1. Music: At Crown and Joy, we classify our musical selections into several categories (e.g., contemporary, traditional black gospel, psalms, and hymns). While it is my desire to continue using a variety of music, which is a part of the ethos of our congregation, it is also my dream to utilize a variety of instrumentation. We recently added a bass guitar. Prior to that, our musicians included a pianist and drummer. We also sometimes have a cellist and guitarist.
Where do you find talented musicians if they do not reside within your congregation? I presently know of a church who is simply looking for a pianist. It does not matter, therefore, if your vision for music is to utilize multiple musicians or just one, multiple genres of music or just traditional hymns, church planters should have both a direction for the music and the people to help accomplish it prior to starting Sunday services. You may have to look outside the congregation for help. Consider asking sister churches to assist you until the Lord brings musicians into membership. You may also need to inquire into the music department at a local university. In other words, there are ways to ensure your vision for music is accomplished. It just may not be as simple as using those within your church.
2. Money: In the Presbyterian Church in America (PCA), church planters most often are required to raise a portion or all of their financial support for a 3-5 year budget. Whatever the total amount for fundraising, consider raising a bit more. You should take into account those who will leave either before the first service or those who may leave shortly thereafter. With the absence of people comes the absence of money. If you have raised just enough to cover your costs, and that included congregational giving, when people leave, internal giving decreases. As a result, you may end up in a financial predicament. Church planters have a lot occurring in their lives. You do not want to be concerned about money, too.
3. Movement: Church plants attract a variety of people. Some are bitter about their previous church experience. Therefore, in an attempt to make the church into their own image, they join you. Others are simply attracted to your vision and desire to join you. They are in good standing at their present church. In fact, they might even be sent by their church to join your efforts.

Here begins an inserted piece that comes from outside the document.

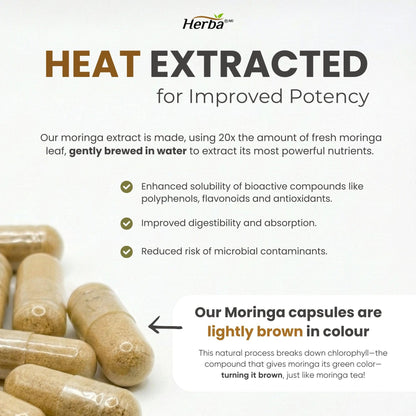 Herba 10,000MG Organic Moringa Capsules – 180 Count | Ultra Potent - 20:1 Extract | Made in Canada | Pure Moringa Capsules using Organic Moringa Powder - Available at All In One Marketplace Canada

Knowing that church plants attract all kinds of people, church planters need to be studious about those whom are allowed into the work of a new church. One way to do this is to call the elders or pastors from the previous 2-3 churches of your potential members. Ask those church officers to share their thoughts about those who are seeking to join you. Sometimes, past performance indicates future acts. For example, if a person or family has been a part of one church for 8 or 9 years, that may indicate they will be with you for some time. On the other hand, if you discover that a family or person, who wants to join you, has moved around from church to church, that may indicate they have little commitment to the local church. And they may just as easily move on from your efforts just as they have at previous churches. To establish a strong base as your core group, you want those who are not bitter, as well as those who have a good reputation of longevity at past churches.
4. Management: Pastors in established churches have many duties. Church planters sometimes have more because we do not have the resources that established churches sometimes have (e.g., music directors, ministry leaders, associate pastors, etc.). One area that church planters should consider having managed is administration. Administrative duties, regardless of the size of one's church plant, can take between 8-15 hours per week. That time could be spent elsewhere (e.g., evangelism, community involvement, prayer and study, etc.). Consider, virtually from the beginning, hiring an administrative assistant. Train that individual to relieve you of certain duties so that you can place your efforts elsewhere.